**Problem requirements:**
Only one stretch of the data below is wanted: the lines starting at the one with "Restaurante Galicia 2 — Comida y bebida" and ending at the one with "Maison - 190 m² - 6 pièces", both included, given again exactly.

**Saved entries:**

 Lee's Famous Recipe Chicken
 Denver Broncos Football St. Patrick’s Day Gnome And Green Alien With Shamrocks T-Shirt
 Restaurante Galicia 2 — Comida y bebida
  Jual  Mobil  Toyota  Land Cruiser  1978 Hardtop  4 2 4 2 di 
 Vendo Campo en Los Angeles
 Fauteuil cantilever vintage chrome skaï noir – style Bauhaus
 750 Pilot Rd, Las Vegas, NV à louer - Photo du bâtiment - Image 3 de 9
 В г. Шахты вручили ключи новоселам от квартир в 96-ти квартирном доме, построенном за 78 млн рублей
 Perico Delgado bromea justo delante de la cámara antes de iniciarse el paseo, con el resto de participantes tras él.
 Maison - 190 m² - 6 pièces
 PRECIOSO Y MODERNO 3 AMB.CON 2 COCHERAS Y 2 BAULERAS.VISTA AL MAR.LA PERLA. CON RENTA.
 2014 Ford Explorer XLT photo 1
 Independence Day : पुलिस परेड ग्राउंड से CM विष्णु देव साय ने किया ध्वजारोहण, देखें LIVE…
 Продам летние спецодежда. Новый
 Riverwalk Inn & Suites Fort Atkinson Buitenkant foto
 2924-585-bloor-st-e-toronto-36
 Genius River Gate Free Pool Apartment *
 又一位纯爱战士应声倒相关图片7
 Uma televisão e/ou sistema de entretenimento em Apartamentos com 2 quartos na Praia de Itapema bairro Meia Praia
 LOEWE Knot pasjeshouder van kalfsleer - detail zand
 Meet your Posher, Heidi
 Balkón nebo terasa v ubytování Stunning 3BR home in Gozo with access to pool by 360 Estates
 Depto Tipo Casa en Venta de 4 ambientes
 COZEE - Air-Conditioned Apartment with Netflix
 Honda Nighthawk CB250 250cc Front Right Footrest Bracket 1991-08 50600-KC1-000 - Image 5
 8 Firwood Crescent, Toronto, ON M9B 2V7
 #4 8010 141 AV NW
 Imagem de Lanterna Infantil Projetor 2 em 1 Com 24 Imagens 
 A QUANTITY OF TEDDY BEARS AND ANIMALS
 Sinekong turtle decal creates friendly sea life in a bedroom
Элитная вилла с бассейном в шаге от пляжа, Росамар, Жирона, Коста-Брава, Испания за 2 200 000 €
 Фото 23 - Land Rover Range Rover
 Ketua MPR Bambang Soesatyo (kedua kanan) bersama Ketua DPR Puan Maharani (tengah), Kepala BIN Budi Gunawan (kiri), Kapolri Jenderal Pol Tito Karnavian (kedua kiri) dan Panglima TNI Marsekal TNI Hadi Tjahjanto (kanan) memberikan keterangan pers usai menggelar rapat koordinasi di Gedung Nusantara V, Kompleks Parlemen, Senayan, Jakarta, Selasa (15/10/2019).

**Your solution:**
 Restaurante Galicia 2 — Comida y bebida
  Jual  Mobil  Toyota  Land Cruiser  1978 Hardtop  4 2 4 2 di 
 Vendo Campo en Los Angeles
 Fauteuil cantilever vintage chrome skaï noir – style Bauhaus
 750 Pilot Rd, Las Vegas, NV à louer - Photo du bâtiment - Image 3 de 9
 В г. Шахты вручили ключи новоселам от квартир в 96-ти квартирном доме, построенном за 78 млн рублей
 Perico Delgado bromea justo delante de la cámara antes de iniciarse el paseo, con el resto de participantes tras él.
 Maison - 190 m² - 6 pièces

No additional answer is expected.